To be able to hack from 'anywhere' you need the right tools and downloading the Kali Linux on the Raspberry Pi should be your first port of call. The Raspberry Pi is a small, credit card-sized computer that doesn't require a lot of power to use. When combined with Kali Linux it becomes a super-portable network testing machine that you can take anywhere.
This can be run on your laptop and used to test your Wi-Fi password strength - or your neighbours. You can also spoof networks, test for Bluetooth vulnerabilities and much more. If you don't want Kali installed directly on to your computer, you can even add a touchscreen device.
All you need to get started is either a Raspberry Pi 2 or 3, a supply of power, a HDMI cable, a minimum 8GB SD-Card and a keyboard and a mouse for control.
Downloading the Kali image for Raspberry Pi
To start, you need a Kali Linux 2.0 image file, which you can download from the Offensive Security downloads area. You'll have to scroll down to find the Raspberry Pi2/3 download as there are a number of different variants.
It is vital that you properly verify what you're installing and that it is a genuine version of kali, rather than a fraudulent lookalike, especially if you plan to use it for security testing. Detailed instructions on how to do so can be found on the Kali website.
After you have the file downloaded it will need to be extracted. Most computers will not have the right software to extract it, but WinRAR can be downloaded and installed to extract the image file if you don't already have software for that purpose.
When you have extracted the image, you're ready to write it to an SD-Card. The minimum size is 8GB, although using something bigger like 16GB or even 32GB is considerably better as it will give you more space to download and run tools and apps.
From there, load the image file into Win32Disk Imager (a Windows program for saving and restoring images from removable drives) and write it to the correct drive, making sure you have picked the correct one as it will overwrite any drive that is selected. It will take a few minutes to write the package, and will state 'Write Successful' when it has completed.

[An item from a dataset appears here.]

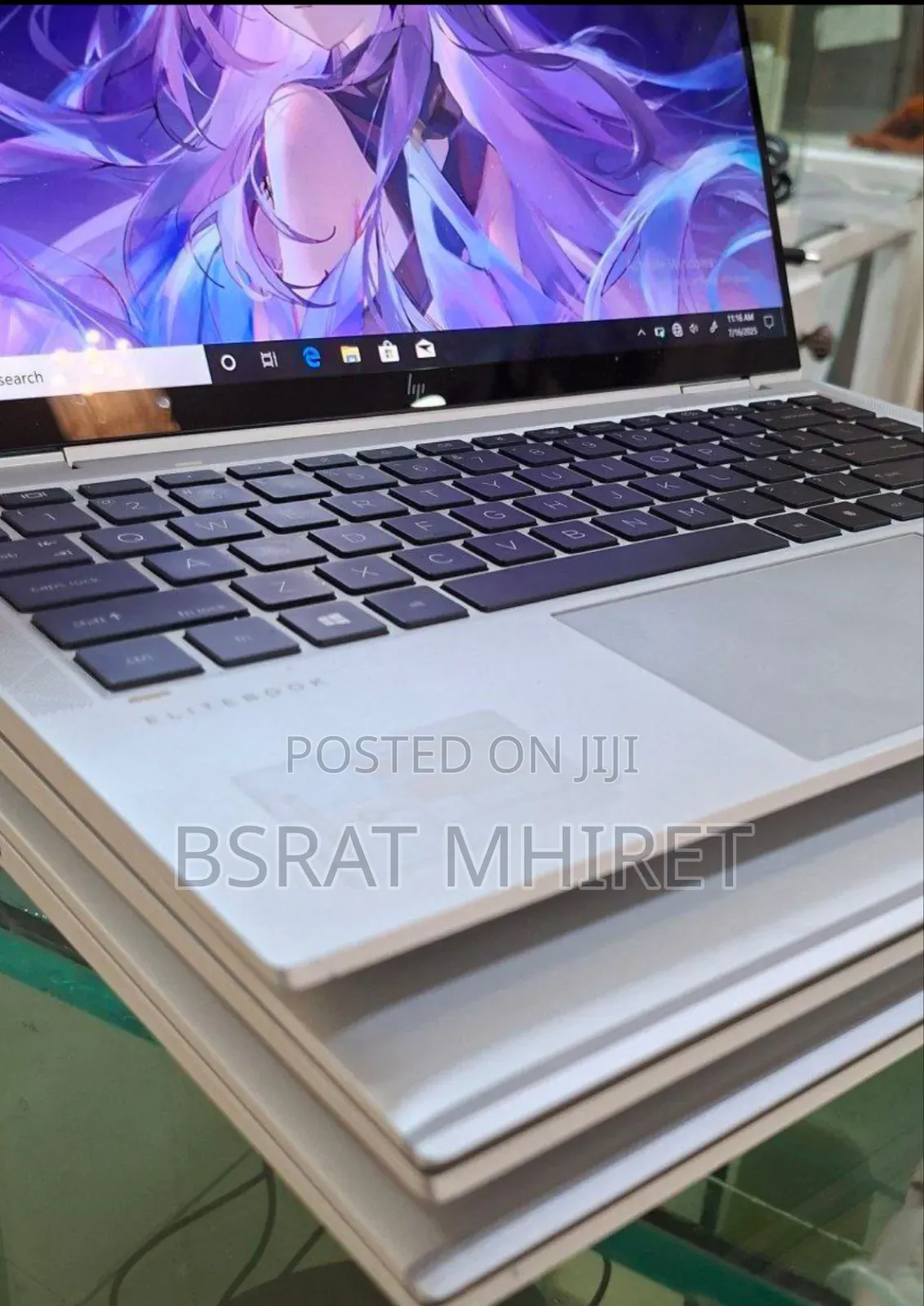 New Laptop HP Spectre 16GB Intel Core I7 SSD 512GB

Installing Kali on Raspberry Pi
Once the image is written to the SD-Card, it is ready to install into the Pi. Everything can now be plugged into a monitor or TV with a HDMI cable and you can even add an old keyboard and mouse for control.

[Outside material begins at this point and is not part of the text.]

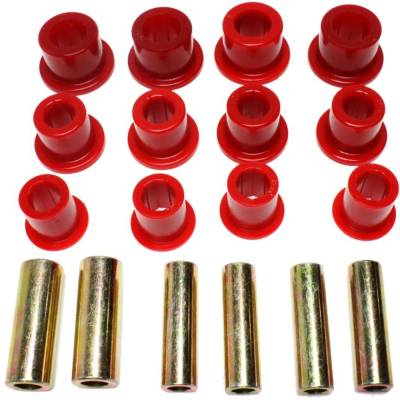 New Front Leaf Spring Bushing Compatible With Ford F-250 Super Duty Harley-Davidson Edition F-350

After powering up the Pi it will go through a boot up process where the screen will go blank a few times before you can finish. For the final step, a login prompt will appear asking for a username and a password. The default should be 'root' and 'toor' respectively.
Naturally, it goes without saying that you'll want to change the access credentials to something more secure as soon as possible, but you should also change the SSH host keys, as the Kali image for Raspberry Pi comes with a set of default keys pre-configured. From the command line, use the following commands to change your SSH host keys:
root@kali:~ rm /etc/ssh/ssh_host_*
root@kali:~ dpkg-reconfigure openssh-server
root@kali:~ service ssh restart
Installing hacking tools
Once that's done, enter the command startx from the command line to boot into the graphical desktop environment. By default, ARM-based Kali images come with the bare minimum of tools pre-installed, but you can use Kali metapackages to install new ones. Various metapackages are available containing different groups of tools for specific purposes such as password cracking or Wi-Fi analysis.
The full list of available metapackages can be found here. You can install the 'kali-linux-full' metapackage to get all the tools that are included with the default desktop image of Kali, or you can get every single available tool with the 'kali-linux-all' metapackage. Alternatively, you can also pick specific metapackages to install based on your needs. All metapackages are installed using the standard Linux apt-get method - for example, to get the complete toolset, you'd use the command apt-get install kali-linux-all.
Once you've installed your desired tools and made sure you've changed the default passwords, you're all set to start using Kali. Happy hacking!